Tim Duncan: Yes. So there is a deep play that we think is evolving down in that area. And we’ve got — there is some ancillary seismic in there that we have that probably should have shown up on this map. And so that’s a longer hold. So a lot of what we do, there is some things that we can identify and say, hey, look, I know exactly what that does. It’s geophysically driven, meaning we think it’s got a hydrocarbon indicator or an amplitude, depending on, Nate, who you talk to. And that’s one that you’re going to start permitting and defining and get on your drill calendar in the next three years. And then there is other things you’re doing where you say, hey, look, there is a big geological play here. We can see why the Majors are looking at it.
If this takes off, we want to have an acreage position, and these are longer holds. They’re 10-year leases. And so you’re trying to grab it while you can, knowing that it may be something that bears fruit down the road. And so there is always a little bit of that every time we go to a lease sale. And I think that’s an example of that. So, deeper play, I actually do think we have a little data down there that might be a misprint on our side. But I can just tell you just by saying the words, Walker Ridge, it’s going to be a little deeper play, a little longer hold. But, I mean, this is a basin where the minute you focus too much on one of those risk-reward strategies, if you focus too much on development or focus too much on that middle market prospect and don’t think about some of these deep evolving plays, you’ve missed the benefit of what the basin has to offer.

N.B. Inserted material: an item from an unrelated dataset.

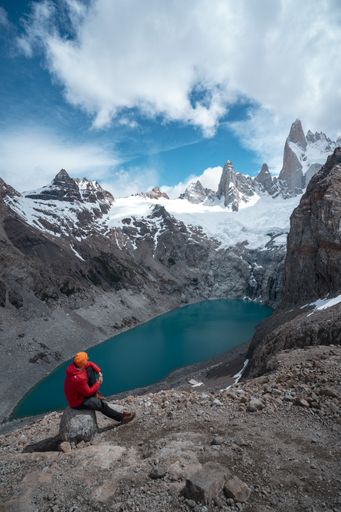 A male on Laguna de Los Tres with Mt Fitz Roy in the background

So we’re always thinking about all of those categories when we go to the lease sale.
Nate Pendleton: All right. Thanks for taking my questions.
Tim Duncan: All right, Nate. Thanks.
Operator: Thank you. And your next question comes from the line of Jarrod Giroue from Stephens. Please go ahead.
Jarrod Giroue: Hi, good morning, guys.
Tim Duncan: Good morning.
Jarrod Giroue: Hi, I was just curious about the Daenerys prospect. Tim, in your prepared remarks you said that you guys could get to it late this year or could push into early next year. I guess, what’s the determining factor for a 4Q or an early 2025 spud? And with that post-spud about how long until you expect first oil? Thanks.
Tim Duncan: So I think that is really dependent on rig deliveries as much as anything else. And so we will get the rig kind of right where we want to get it relative to Katmai and then the execution of Katmai and then we go straight to Daenerys. And we have flipped the order. Earlier in the year, we were thinking Helm’s Deep, but I do think Daenerys is high-impact enough. We have a partnership that’s excited about it. We’ll probably move that to the head of the line, so rig delivery will be a part of that. The rig that we’re utilizing there is on one of the prospects we announced that had some recent success in [clapboard], they’ve got to wrap that project up, and then we have a chance to get that rig, hopefully on time. So very well could be on time.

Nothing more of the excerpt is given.